Former Foreign Minister Gareth Evans was quick out of the blocks to suggest Kevin Rudd’s successor should still make the case for Australia winning a temporary UN Security Council seat in 2013/14.
“It will certainly be almost impossible if we paint ourselves into a tiny minority corner on the Palestinian statehood issue, should that come to a vote in the General Assembly before October,” Evans wrote (Age, 1/3).
However, last October, Australia, the United States, Canada, Czech Republic, Germany, Lithuania, the Netherlands, Palau, Panama, Samoa, Solomon Islands, Sweden, and Vanuatu all voted against admitting the non-existent state of Palestine to UNESCO as a full member state.
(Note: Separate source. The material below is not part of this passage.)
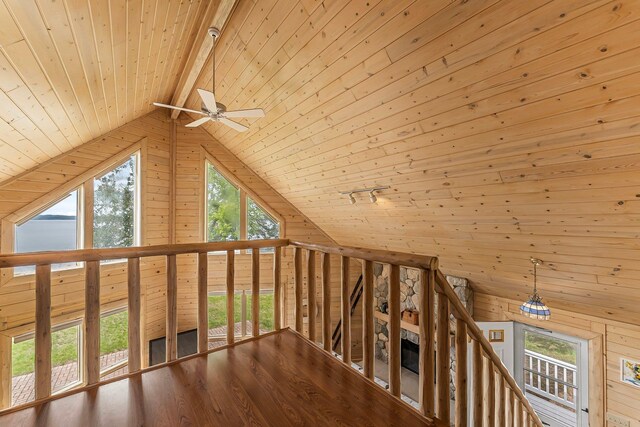 7550 E Sierra Dr, Traverse City, MI 49684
A further 52 countries abstained from voting. Australia was, therefore, hardly in a minority in what was seen as an important vote on Palestinian statehood. At the very least, Australia displayed courage and principle to vote no when the easy option might have been to abstain or vote yes.
A word to the wise
According to Professor David Weisbrot in the Australian (1/3) “In recent years, the Republican congressional leadership has cultivated a closer relationship with conservative counterparts in Israel, including Prime Minister Benjamin Netanyahu and Foreign Minister Avigdor Lieberman. This has complicated Obama’s efforts to persuade Israel to compromise on such issues as Jewish settlements in the occupied territories and breathe life into the flagging peace process”.
Or perhaps President Obama finally realised making the resumption of negotiations conditional upon a total settlement building freeze forced Palestinian President Mahmoud Abbas to insist on a demand he had not previously requested. As it was, an unprecedented 10-month settlements building freeze in 2010 by Netanyahu netted no reciprocity from Abbas, except to see even more preconditions asserted to restart talks.
SMH‘s headlining act
An article by Ruth Pollard on US analysts who don’t think Iran is after a nuclear weapon received very different headlines in Fairfax’s sister papers – the Sydney Morning Herald (SMH) and Age (27/2).
Pollard’s story appeared to have been prompted by a New York Times story published on February 24. It was clear in that article, unlike Pollard’s, that the intelligence was not saying the program was civilian but that they were pursuing nuclear weapons capability without having made the final decision to build bombs, at least for the moment.
However the SMH headlined the piece, “Calls for calm as Iran nuclear risk discounted” and tacked on a preamble that, “As Tehran heads for elections, intelligence backs its denials that it is preparing a nuclear bomb”.
Between January 13 and February 20, no fewer than four SMH editorials covered the Iranian nuclear issue. Generally, these editorials portrayed concerns about the Iranian nuclear program as chiefly a conflict between Iran and Israel – a clash that risks sliding into a war which the West should not encourage because both countries are bellicose and recklessly provoking the other.
In contrast, the Age headlined the story with the less bombastic “Sanctions buy diplomatic time in Iran standoff” and a shorter preamble that “Tehran’s leaders ‘are not suicidal'”.